When Office products are downloaded from the Volume License Service Center they come down as .ISO files. .ISO is not a file format that Windows can open natively.
An ISO file is an image of a CD/DVD. Typically you would be able to use a burning program like Nero, or ImgBurn, to then burn that ISO file directly to a disk.
Once you have downloaded an .ISO file, there are several possible options you can use to install the software:
- Use .ISO image file software to download and save the .ISO image file to a CD-R or a DVD-R.
If you are planning to install an Operating System on a PC or install software across multiple machines, this is one of your best options. A CD/DVD gives you the flexibility to make clean installs and to be used as a “boot CD.”
If you are using a PC with Windows 7, you don’t need any additional software to burn a CD-R or DVD-R. Simply double click on the .ISO file you downloaded, and then follow the steps in the Image Burner Wizard.
If you are using any other Operating System, you may need additional software. If your computer is equipped with a CD/DVD burner, this software is probably already loaded on your PC. Most CD-R/DVD-R writing software enables disk creation from an image file. Select a menu item such as Copy Image to CD or Burn Image to access this feature.
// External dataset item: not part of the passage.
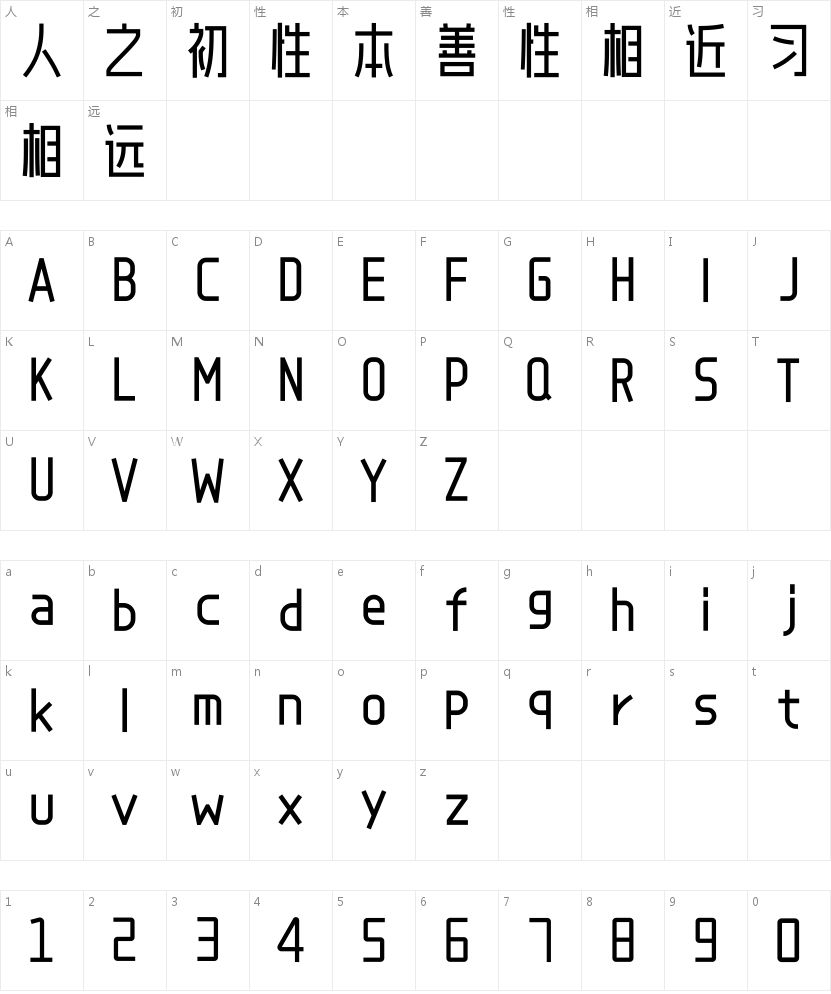 爱点风雅黑长体的字符映射图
For detailed instructions, see the software’s Help documentation.
- Virtually mount and access ISO files as a virtual device.
If you don’t have a CD/DVD burner installed on your machine or you don’t have media available to you (a blank CD-R/DVD-R), you can “mount” the ISO file as a virtual drive. With this method, your machine will believe that the file is a real disk drive, and you will be able to read files from this “virtual disk.” This approach is advisable only for installation of applications (such as Office) or minor system upgrades. You will not be able to install an Operating System using this approach, because the virtual drive would disappear at some point during the installation.
There are several software options for the virtual drive approach. Though they have not been tested and are not supported by the VLSC team, customers report that Daemon Tools and Pismo File Mount offer such capability as well as Microsoft Virtual CD Control Tool.
- Extract the .ISO files to your hard drive.
Contents of .ISO image files can be accessed directly using third-party tools that allow file extraction from the file to a temporary folder on your hard drive (similar to .zip files). As with the virtual drive, this approach is advisable to install application software or system upgrades. An example of this approach is the creation of an installation thumb drive to install software on netbooks or other devices with no optical drive.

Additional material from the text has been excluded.